Each record is to be printed exactly as given, down to the last mark.

###

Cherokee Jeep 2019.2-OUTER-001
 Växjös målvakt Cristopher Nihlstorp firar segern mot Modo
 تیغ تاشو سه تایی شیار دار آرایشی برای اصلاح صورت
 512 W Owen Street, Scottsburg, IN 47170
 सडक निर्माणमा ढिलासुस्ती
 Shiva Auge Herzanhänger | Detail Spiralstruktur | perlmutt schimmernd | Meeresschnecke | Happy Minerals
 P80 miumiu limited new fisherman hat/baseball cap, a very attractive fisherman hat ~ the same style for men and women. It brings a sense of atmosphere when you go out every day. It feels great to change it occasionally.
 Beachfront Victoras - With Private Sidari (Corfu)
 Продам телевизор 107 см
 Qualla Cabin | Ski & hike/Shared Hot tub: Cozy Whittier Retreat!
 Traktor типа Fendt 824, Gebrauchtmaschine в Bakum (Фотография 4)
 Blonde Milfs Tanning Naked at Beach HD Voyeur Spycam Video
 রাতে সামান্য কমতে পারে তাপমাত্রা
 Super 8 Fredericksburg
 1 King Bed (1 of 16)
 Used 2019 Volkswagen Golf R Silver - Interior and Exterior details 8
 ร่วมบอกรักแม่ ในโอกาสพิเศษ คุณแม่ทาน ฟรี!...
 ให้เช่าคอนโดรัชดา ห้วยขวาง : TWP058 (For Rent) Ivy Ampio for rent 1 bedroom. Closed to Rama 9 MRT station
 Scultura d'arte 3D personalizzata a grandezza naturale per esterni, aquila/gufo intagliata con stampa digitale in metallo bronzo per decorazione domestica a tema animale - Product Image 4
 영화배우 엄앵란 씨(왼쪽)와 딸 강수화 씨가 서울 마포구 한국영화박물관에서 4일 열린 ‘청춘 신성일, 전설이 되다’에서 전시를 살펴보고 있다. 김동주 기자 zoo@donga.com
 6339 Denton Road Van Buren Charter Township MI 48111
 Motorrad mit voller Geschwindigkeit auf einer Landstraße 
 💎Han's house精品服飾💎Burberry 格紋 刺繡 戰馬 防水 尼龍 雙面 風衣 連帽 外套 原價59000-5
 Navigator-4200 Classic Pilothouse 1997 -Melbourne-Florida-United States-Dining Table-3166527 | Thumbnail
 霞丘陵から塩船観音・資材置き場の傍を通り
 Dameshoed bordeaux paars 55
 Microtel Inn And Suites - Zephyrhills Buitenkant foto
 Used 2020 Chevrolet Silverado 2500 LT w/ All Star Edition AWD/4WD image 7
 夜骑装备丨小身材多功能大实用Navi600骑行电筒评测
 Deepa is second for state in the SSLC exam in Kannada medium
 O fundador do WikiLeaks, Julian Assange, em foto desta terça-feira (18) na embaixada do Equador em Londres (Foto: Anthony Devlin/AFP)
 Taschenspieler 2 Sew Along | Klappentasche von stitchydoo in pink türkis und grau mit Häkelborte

###

**FINISHED EXERCISE**
Cherokee Jeep 2019.2-OUTER-001
 Växjös målvakt Cristopher Nihlstorp firar segern mot Modo
 تیغ تاشو سه تایی شیار دار آرایشی برای اصلاح صورت
 512 W Owen Street, Scottsburg, IN 47170
 सडक निर्माणमा ढिलासुस्ती
 Shiva Auge Herzanhänger | Detail Spiralstruktur | perlmutt schimmernd | Meeresschnecke | Happy Minerals
 P80 miumiu limited new fisherman hat/baseball cap, a very attractive fisherman hat ~ the same style for men and women. It brings a sense of atmosphere when you go out every day. It feels great to change it occasionally.
 Beachfront Victoras - With Private Sidari (Corfu)
 Продам телевизор 107 см
 Qualla Cabin | Ski & hike/Shared Hot tub: Cozy Whittier Retreat!
 Traktor типа Fendt 824, Gebrauchtmaschine в Bakum (Фотография 4)
 Blonde Milfs Tanning Naked at Beach HD Voyeur Spycam Video
 রাতে সামান্য কমতে পারে তাপমাত্রা
 Super 8 Fredericksburg
 1 King Bed (1 of 16)
 Used 2019 Volkswagen Golf R Silver - Interior and Exterior details 8
 ร่วมบอกรักแม่ ในโอกาสพิเศษ คุณแม่ทาน ฟรี!...
 ให้เช่าคอนโดรัชดา ห้วยขวาง : TWP058 (For Rent) Ivy Ampio for rent 1 bedroom. Closed to Rama 9 MRT station
 Scultura d'arte 3D personalizzata a grandezza naturale per esterni, aquila/gufo intagliata con stampa digitale in metallo bronzo per decorazione domestica a tema animale - Product Image 4
 영화배우 엄앵란 씨(왼쪽)와 딸 강수화 씨가 서울 마포구 한국영화박물관에서 4일 열린 ‘청춘 신성일, 전설이 되다’에서 전시를 살펴보고 있다. 김동주 기자 zoo@donga.com
 6339 Denton Road Van Buren Charter Township MI 48111
 Motorrad mit voller Geschwindigkeit auf einer Landstraße 
 💎Han's house精品服飾💎Burberry 格紋 刺繡 戰馬 防水 尼龍 雙面 風衣 連帽 外套 原價59000-5
 Navigator-4200 Classic Pilothouse 1997 -Melbourne-Florida-United States-Dining Table-3166527 | Thumbnail
 霞丘陵から塩船観音・資材置き場の傍を通り
 Dameshoed bordeaux paars 55
 Microtel Inn And Suites - Zephyrhills Buitenkant foto
 Used 2020 Chevrolet Silverado 2500 LT w/ All Star Edition AWD/4WD image 7
 夜骑装备丨小身材多功能大实用Navi600骑行电筒评测
 Deepa is second for state in the SSLC exam in Kannada medium
 O fundador do WikiLeaks, Julian Assange, em foto desta terça-feira (18) na embaixada do Equador em Londres (Foto: Anthony Devlin/AFP)
 Taschenspieler 2 Sew Along | Klappentasche von stitchydoo in pink türkis und grau mit Häkelborte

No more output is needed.